Impact-Aware Model Predictive Control for UAV Landing on a Heaving Platform

TL;DR

This paper introduces an impact-aware MPC framework for UAV landings on moving platforms, modeling impacts with Newton's law and embedding it as an LCP to improve landing robustness.

Contribution

It presents a novel impact-aware MPC that predicts impact dynamics and reduces rebound, validated through simulations and real-world experiments.

Findings

Restitution-aware prediction reduces pre-impact velocity.

Landing robustness is improved with the impact-aware MPC.

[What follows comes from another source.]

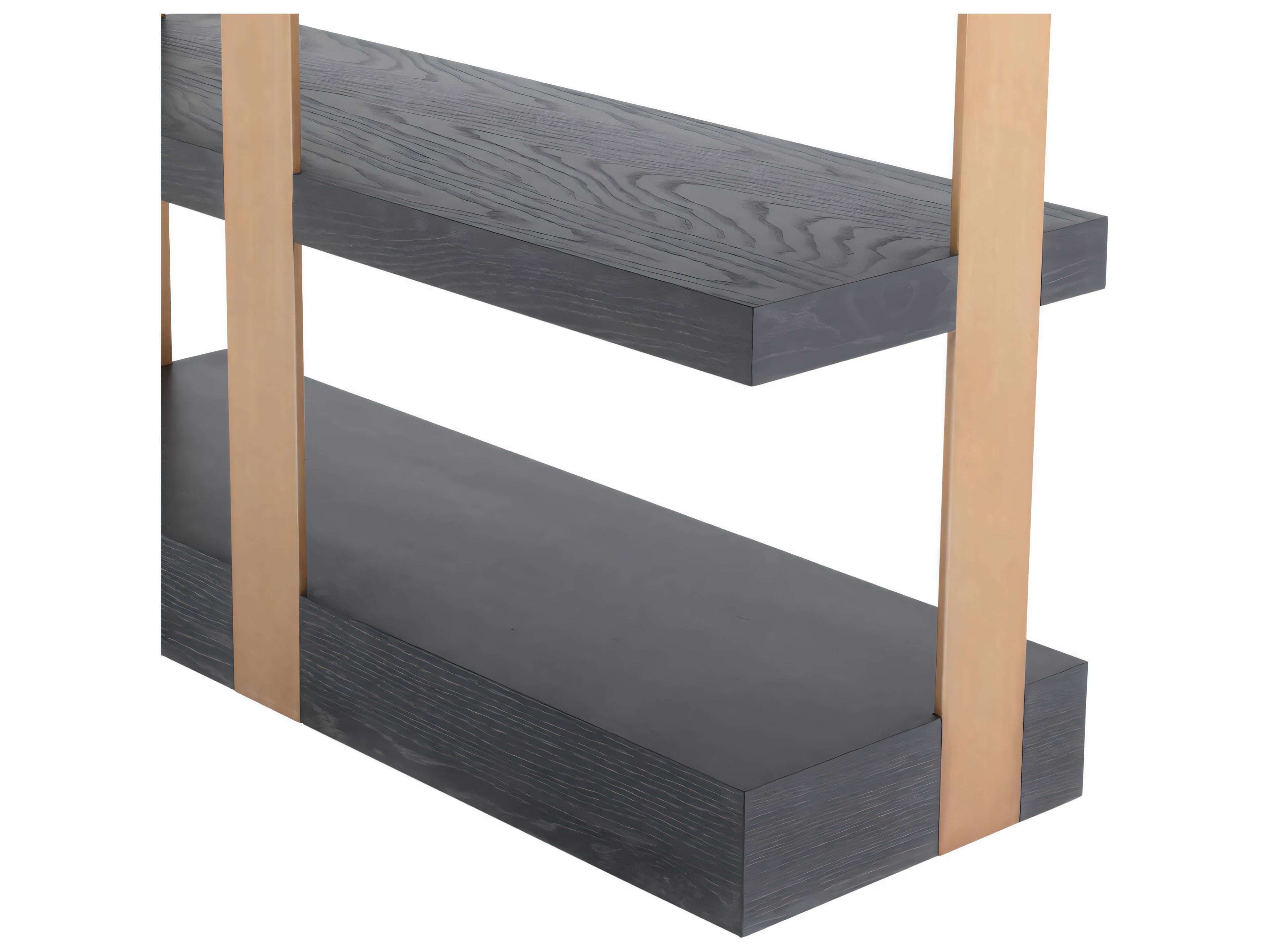 Eichholtz Geo Charcoal Grey Crown Oak Ven Br Brass Cabinet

Experiments show an 86.2% reduction in post-impact deflection.

Abstract

Landing UAVs on heaving marine platforms is challenging because relative vertical motion can generate large impact forces and cause rebound on touchdown. To address this, we develop an impact-aware Model Predictive Control (MPC) framework that models landing as a velocity-level rigid-body impact governed by Newton's restitution law. We embed this as a linear complementarity problem (LCP) within the MPC dynamics to predict the discontinuous post-impact velocity and suppress rebound. In simulation, restitution-aware prediction reduces pre-impact relative velocity and improves landing robustness. Experiments on a heaving-deck testbed show an 86.2% reduction in post-impact deflection compared to a tracking MPC.